毎週1000キロを母が送り迎え。ジョアン・フェリックスの少年時代 (3ページ目)

  • ジョゼ・カルロス・フレイタス●文 text by Jose Carlos Freitas
  • 竹澤 哲●翻訳 translation by Takezawa Satoshi

 この時の生活についてカルラは次のように話している。

「ポルトにいた時は家から送り迎えをしましたが、さすがにヴィゼウからリスボンまで毎日往復することはできません。ですから週末だけ、私たちは息子に会いに行ったのです。金曜日に会いに行き、ジョアンは2日間をアルマダ(リスボンの対岸にある街のひとつ)で私たちと一緒に過ごしました。そして月曜日の朝に私たちはヴィゼウに戻りました。勤務先の学校には、昼食後に戻っていたのです」

 ベンフィカが彼を温かく迎えたのも、ジョアンにとってはうれしいことであっただろう。ライバルチームであるポルトからやってきたという事実がありながら、彼を冷たく扱う者はいなかった。それどころか、ベンフィカの関係者は誰もが「ポルトガルサッカー界の新しい真珠」とされる彼を、チームの一員に迎えられたことをうれしく感じていたのだった。
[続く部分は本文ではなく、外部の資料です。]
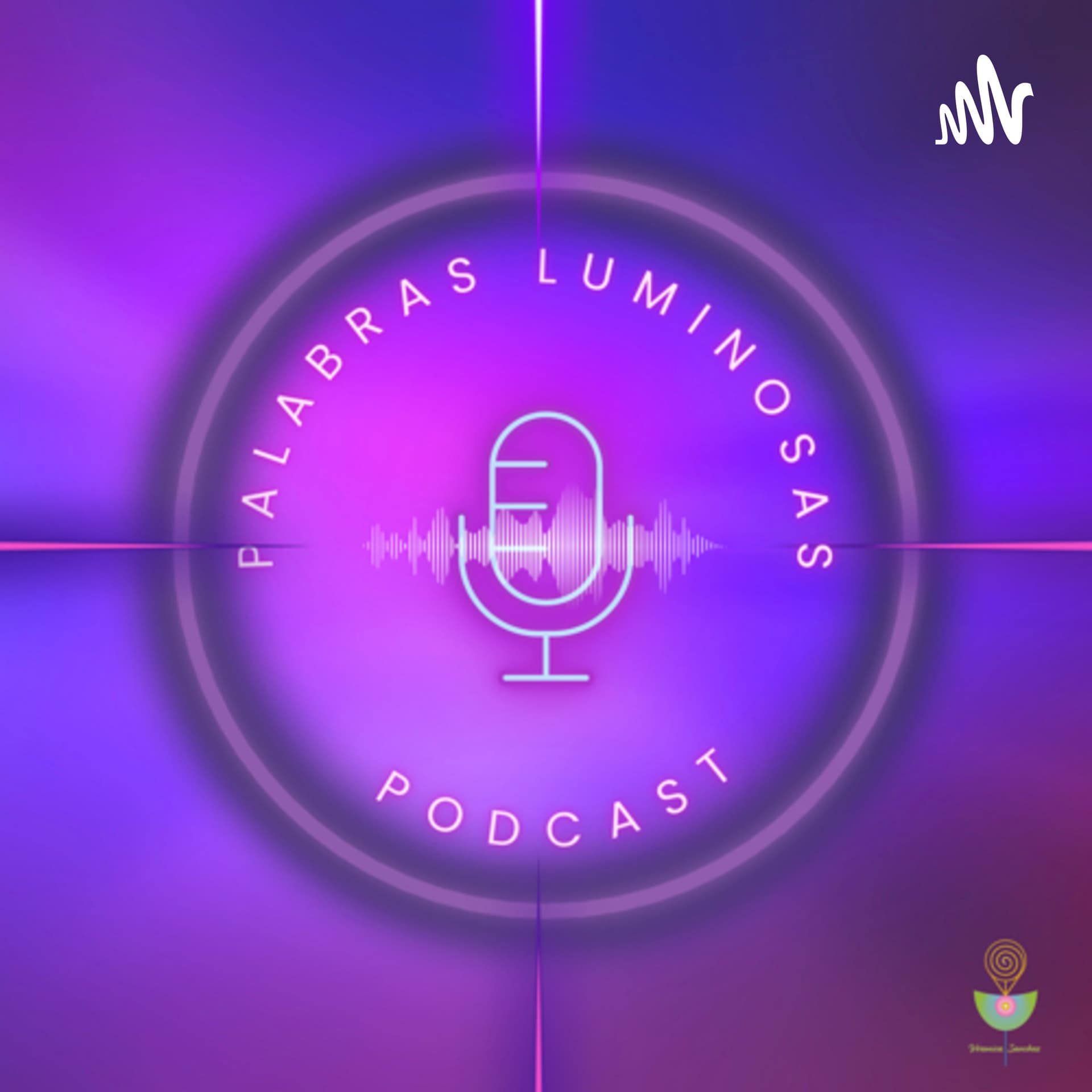 Palabras Luminosas Podcast - Podcast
 ジョアンを指導したベンフィカの下部組織のコーチたちは、誰もがジョアンの高い資質を評価した。U-17、U-19のカテゴリーのコーチであったジョアン・トラリャオは、ジョアンの優れている点について次のように話している。

「彼のプレーの成熟度はとても印象的だった。試合の流れを読む力。彼の持つ視野はとても広かった。また相手にとって危険な状況を簡単につくり出す力。とくに相手ディフェンス陣の中にスペースを見つけ出す能力はとても高かった。こういったものはすでに大人の選手のものであり、16歳や17歳の少年が持っているものではなかった」

 ジョアン・フェリックスは、ポルトガルサッカー界の数々の記録を樹立してきた。16歳でポルトガル2部の試合に出場し、2部最年少記録を更新した。そして17歳でこのカテゴリーでの最年少得点者となる。2017年には、17歳で年齢別代表では3つも上のカテゴリーある、U-21代表のデビューを飾っている。

 そして2018-19シーズン。18歳のジョアンはついにベンフィカの1部リーグデビューを飾り、センセーショナルな活躍をしていくことになる。